I want Numba to utilize more cores for parallel computing with prange. So, I set the environment variable using the following command: export NUMBA_NUM_THREADS=224
After submitting the program, I received the following error: TBB Warning: The number of workers is currently limited to 55. The request for 223 workers is ignored. Further requests for more workers will be silently ignored until the limit changes.
I suspect it’s related to the threading layer. So, I used print("Threading layer chosen: %s" % threading_layer()) to output the threading layer settings.
However, I got the following error: ValueError: Threading layer is not initialized.
May I ask if I can use Numba for parallel computing across nodes?
Numba is single node.
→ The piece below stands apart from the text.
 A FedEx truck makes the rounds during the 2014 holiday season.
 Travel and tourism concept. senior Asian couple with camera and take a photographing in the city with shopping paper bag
It seems like you had 4 nodes and you were hoping that Numba would use 4 nodes if you gave the total core count of those 4 nodes but Numba is just exclusively single node and this won’t work. For multi-node work, if you want to keep Numba within the node then you can manually do mpi4py across the nodes and Numba within the node. Another option is to do mpi4py across the nodes and pyomp within the node. PyOMP is a Numba extension that implements a pretty full OpenMP experience in Numba so you get the most common HPC programming model of mpi across nodes and openmp within the node. If you don’t want two separate paradigms between and within nodes then you can do something like Dask or Ramba (which I also worked on and isn’t maintained anymore but you could still try it).
My task involves a main loop where the subsequent step is dependent on the results obtained in the previous step. Within each step of this main loop, there exists a sub-loop, and this sub-loop can be parallelized.
To parallelize the sub-loop at each step, I’ve employed numba.prange. Considering the nature of my task, I think that mpi4py might not be a suitable choice.